The effect of the 1970 revision
of the three statutes was to transfer the
control of unauthorized practice to the
Law Society Act. Section 1 of the Solicitors
Act is merely an ancillary provision. It
does not prohibit unauthorized practice.
It merely provides penalties additional
to those prescribed in s. 50 of the Law
Society Act by preventing recovery of fees
and exposing unauthorized persons to the
charge of contempt of court. The section
cannot stand by itself. The penalties it
provides can only apply to unauthorized
practice as defined by s. 50(1) of the Law
Society Act and as a result do not extend
to agents in the position of the respondents
whose activities are excepted as being "otherwise
provided by law".
This interpretation is
fortified by a consideration of s. 1 of
the Solicitors Act by itself. The Act now
deals entirely with solicitor-and-client
accounts and it is logical for it to include
the prohibition against charges for unauthorized
practice.
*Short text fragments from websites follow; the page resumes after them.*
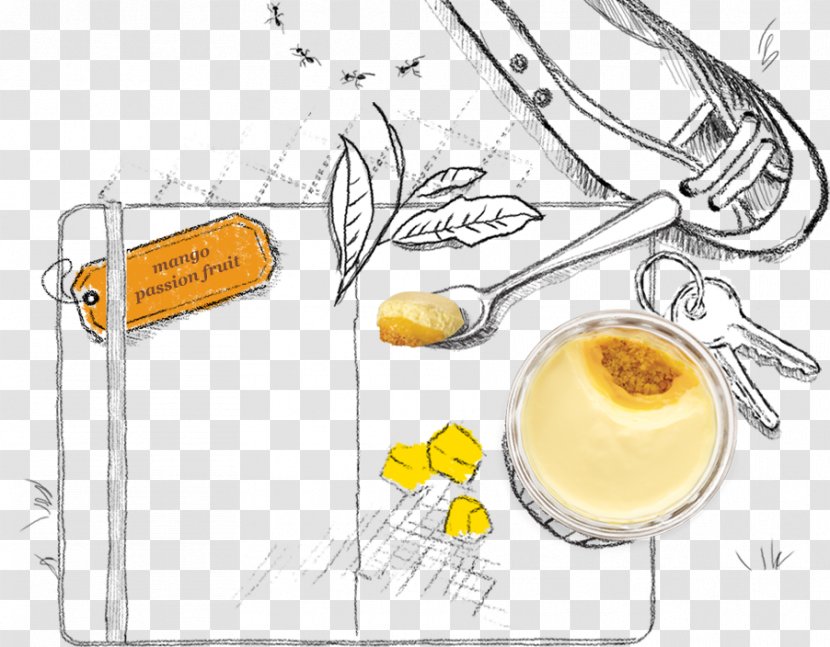 Food Mango Drawing - Organism - Tangy Transparent PNG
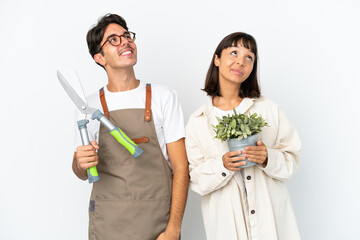 Young mixed race gardeners holding a plant and pruning shears isolated on white background looking...
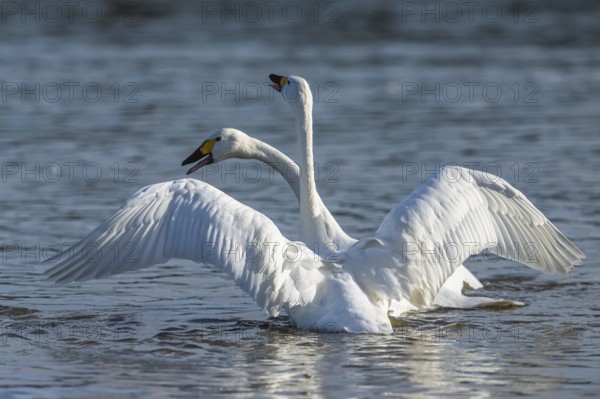 Tundra Swan, Bewick's Swan, Cygnus columbianus, birds in fight at winter in Slimbridge, England,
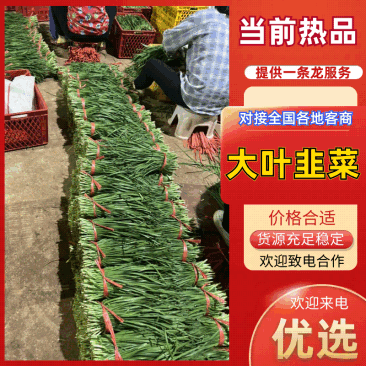 【根粗叶厚】黑土地韭菜广东省发货对接市场色泽浓绿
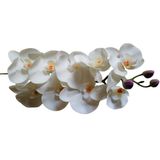 Orquídeas artificias 3D em silicone 6 hastes branco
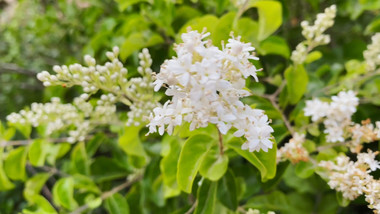 山指甲树花卉绿植盆景盆栽植物特写4k实拍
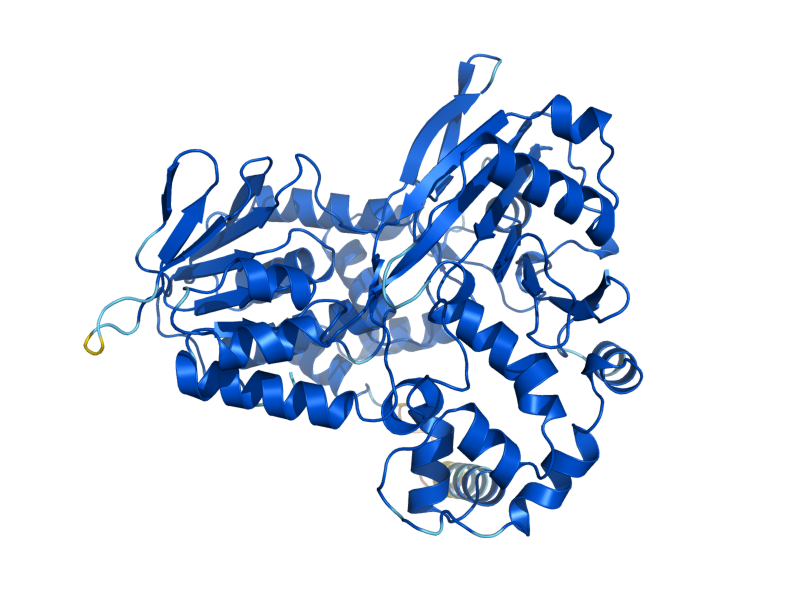 AlphaFold predicted structure of HEM14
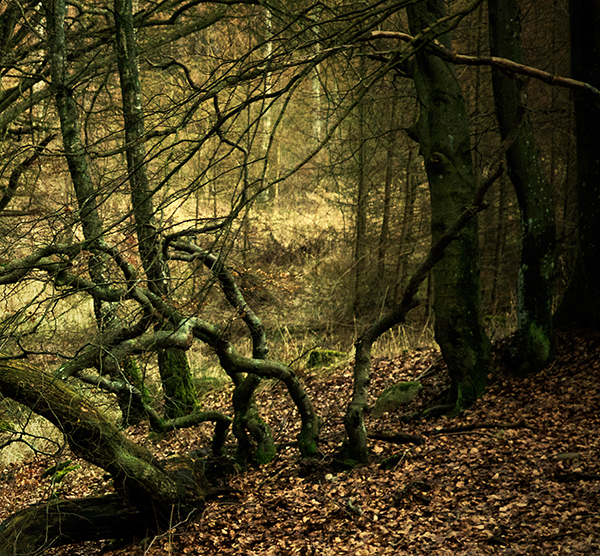 The enchanted trees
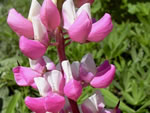 Wei-Rosa Garten-Lupine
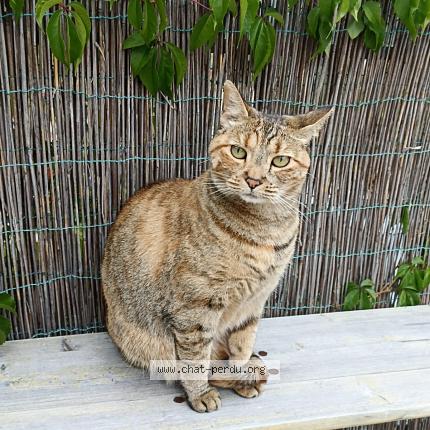Photo 1/1 Chat retrouvé Perdu à Villard Saint Sauveur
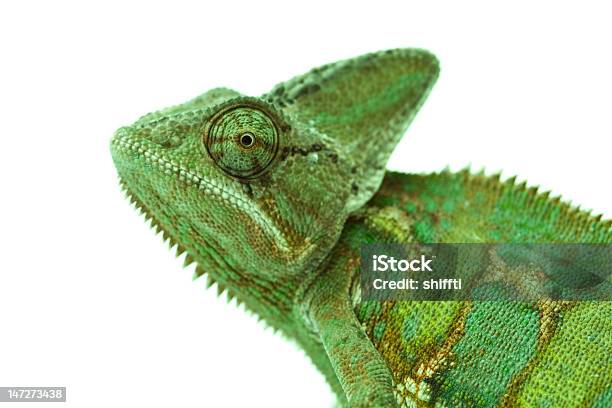 Beautiful Big Chameleon Stock Photo - Download Image Now - Chameleon, High Angle View, On Top Of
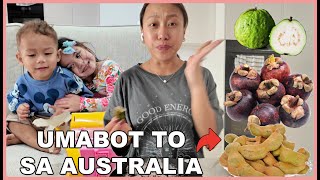 ANG ASIM NA HINAHANAP HANAP NI BUNTIS! EXOTIC FRUITS HAUL AT MAY BALUT PA! ❤️ | rhazevlogs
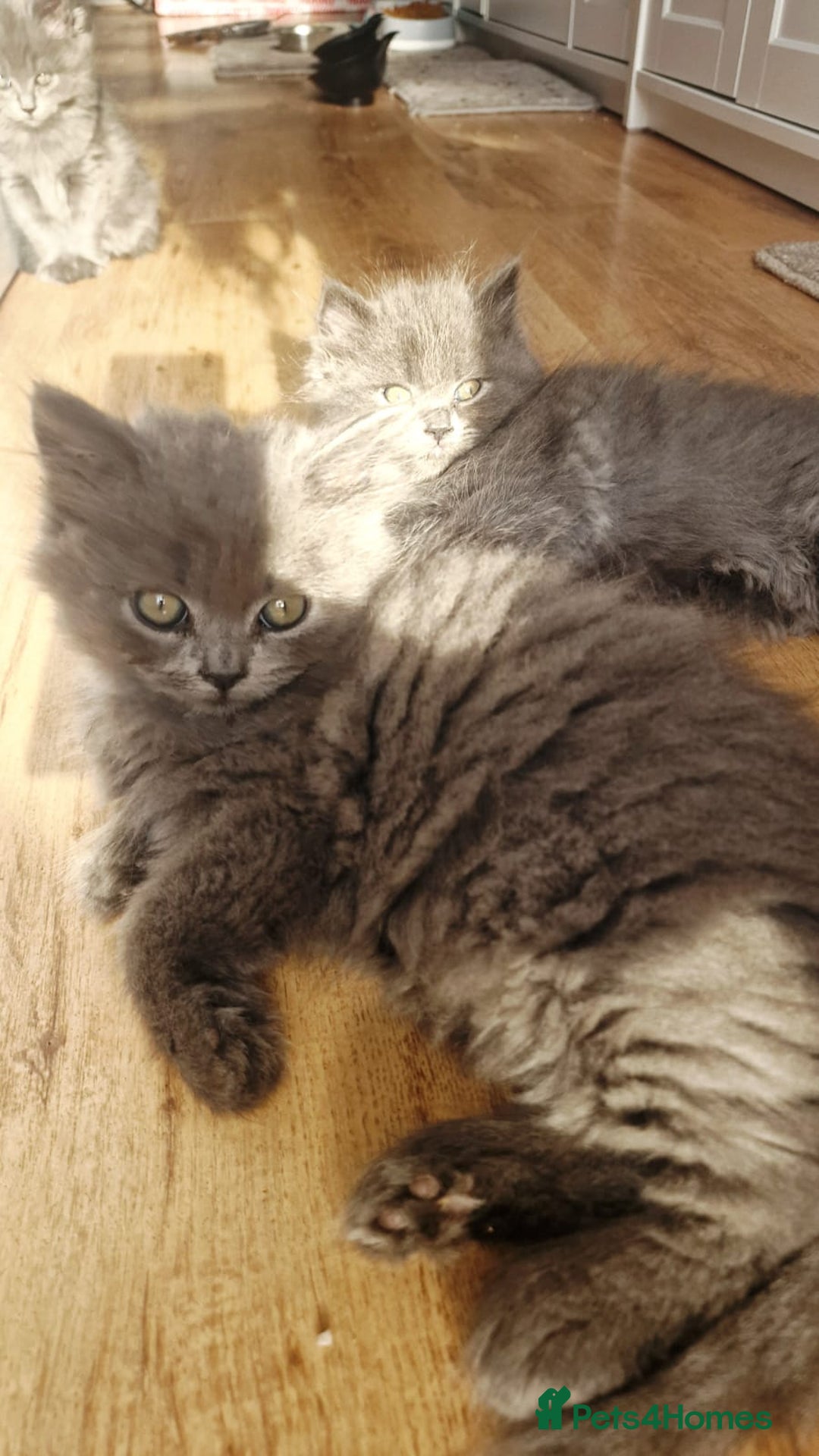 British Longhair cats for sale: Gorgeous Blue British longhair kittens - Image 6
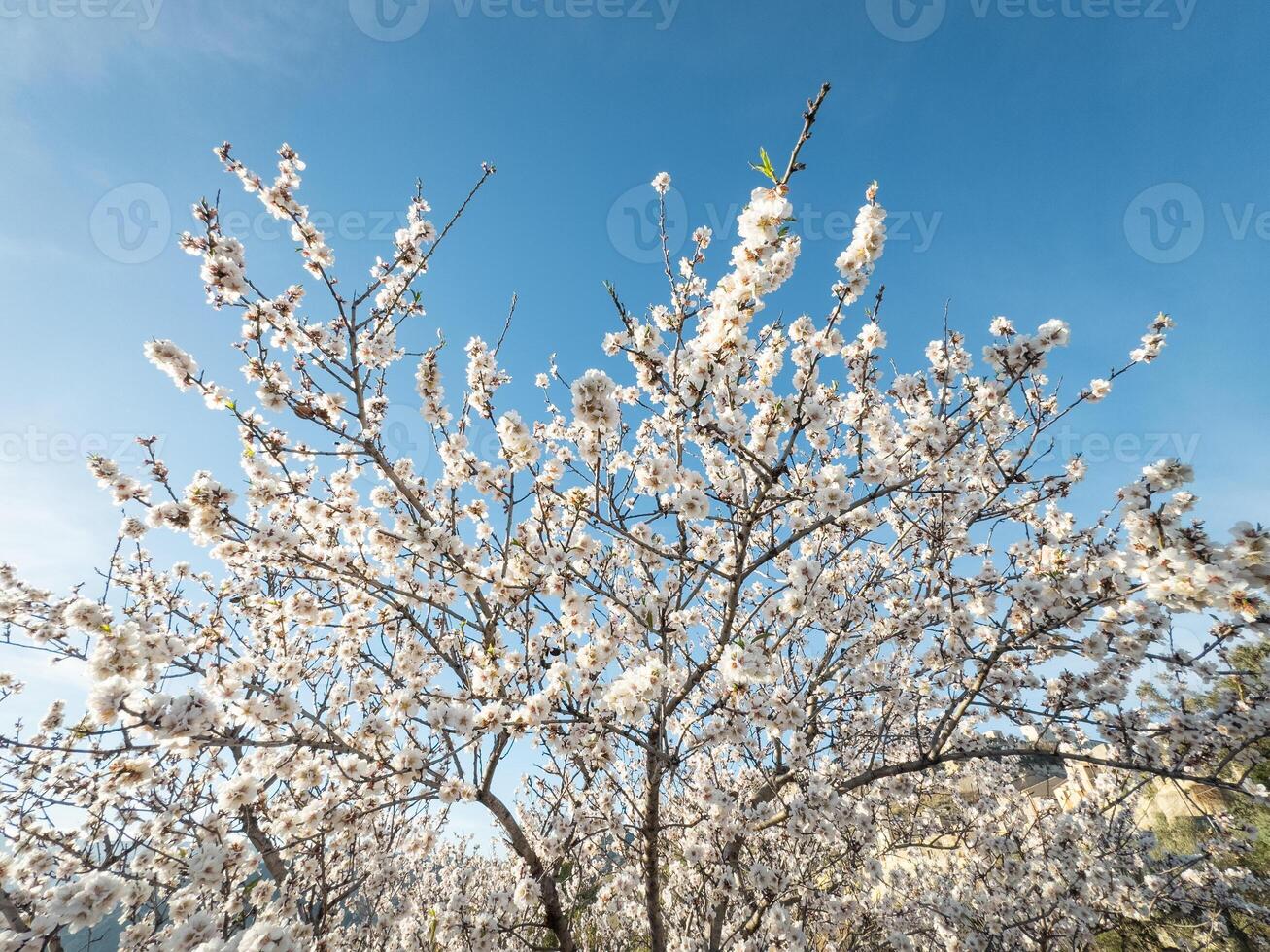 cores do a amêndoa Primavera foto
Contempt of court is the other
penalty for unauthorized practice contained
in s. 1. It is inconceivable that agents
acting under the authority of other statutes
could be held in contempt of court and this
is a further indication that the Legislature
intended s. 1 of the Solicitors Act to be
merely ancillary to s. 50(1) of the Law
Society Act.
It is ironic that there
is lack of clarity in the statutes governing
the legal profession and their application
to the respondents. I commend for the Legislature's
attention the clarification of this legislation
and also the status of agents and other
paralegals which is now a matter of considerable
public discussion.
For the foregoing reasons,
I would dismiss the appeals with costs.